Acer Releasing A Radeon RX 7000 GPU Would Leave NVIDIA As The Odd Man Out

Backside of Acer's Predator BiFrost Arc A770 graphics card.
Acer's recent foray into the DIY discrete graphics card market coincided with Intel's modern entry. The former launched an introductory Predator BiFrost model based on latter's flagship Arc A770 GPU, complete with a custom cooling solution and factory overclock. It may not be Acer's last, either. Rumor has it that Acer is expanding its resale GPU lineup with AMD Radeon RX 7000 models on tap.

Details are rather sparse and sketchy, but if true, Acer's expansion would be a big win for AMD and a notable loss for NVIDIA. Part of what's interesting here is that NVIDIA already lost a major hardware partner in EVGA, which abruptly (and shockingly) exited the GPU business altogether right before the launch of the GeForce RTX 40 series.

The story of the long-term impact on NVIDIA's bottom line has yet to be written. What can be said, however, is that EVGA's departure created a void and an opportunity for another manufacturer to step in and take its place as NVIDIA's right-hand man, so to speak.

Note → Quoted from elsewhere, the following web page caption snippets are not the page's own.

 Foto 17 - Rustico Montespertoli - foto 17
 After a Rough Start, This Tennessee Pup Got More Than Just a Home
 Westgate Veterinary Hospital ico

Acer is apparently not interested in that role, though again, this is all just a rumor at this point.

It originates from a post on the BoardChannels forum in China. We were unable to register for direct access to the forum post, but the folks at Videocardz took a screenshot of the translated text, shown above. It's a rough translation from our reading, but the gist of the post is that Acer wants to become a more serious player in the DIY discrete graphics card market, and will focus on Intel and AMD models for the time being.

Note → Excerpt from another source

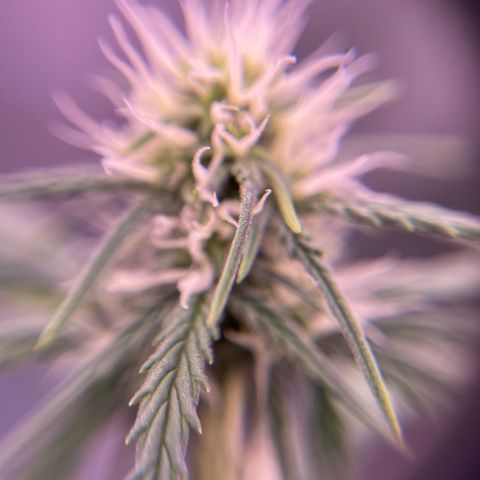 Unknown strain growlog timeline photo
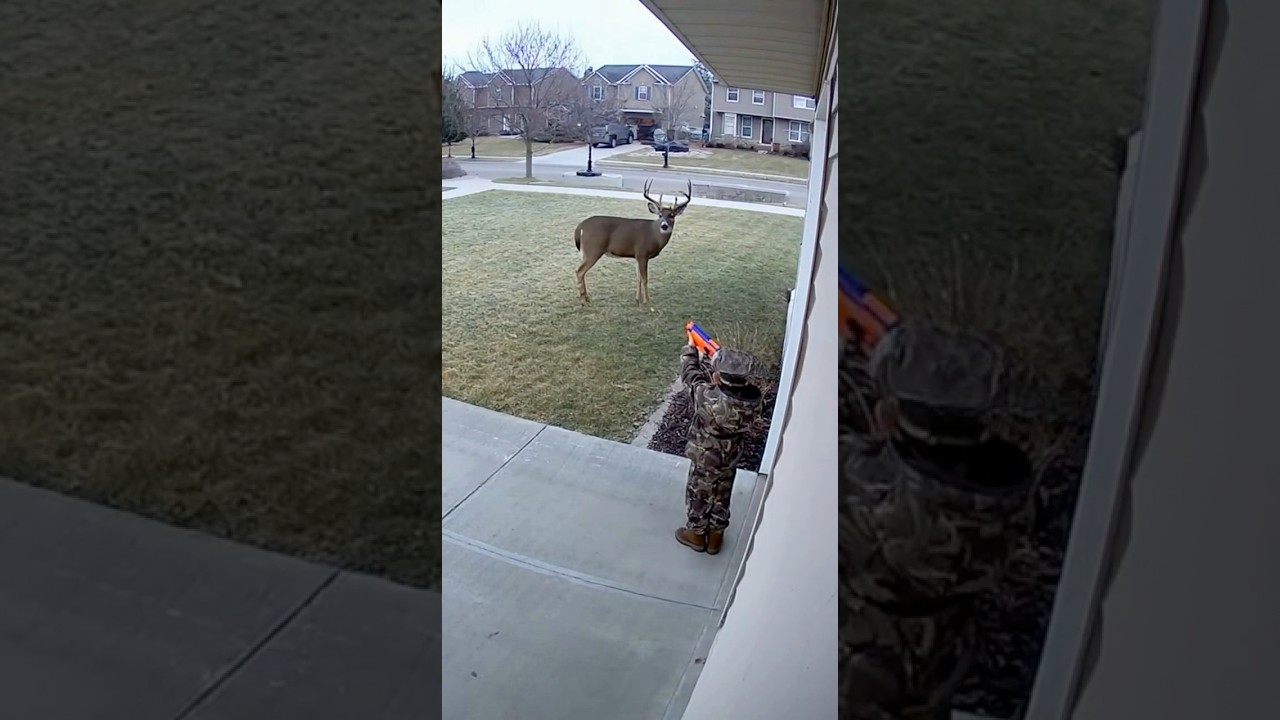 Well, he almost got that buck! 😂😂 #hunting #deer #outdoors #funny #meme  #deerhunting #whitetail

As things stand, Acer offers two DIY graphics cards in its lineup—one is the aforementioned Predator BiFrost Arc A770 OC, and the other is a Predator A380 model without the BiFrost branding or fancier cooling solution. That said, this isn't completely new territory for Acer. In addition to its recent DIY models, Acer has been making discrete cards for its prebuilt Predator gaming PCs for years.

Focusing on the DIY market is the next logical step. EVGA's departure doesn't really mean there's less competition. It only made cards based on NVIDIA's GPUs, but given Acer's brand recognition, there's an opportunity to carve out a sizable piece of the pie. And who knows, the added competition could potentially help keep prices in check, though we'll have to wait and see.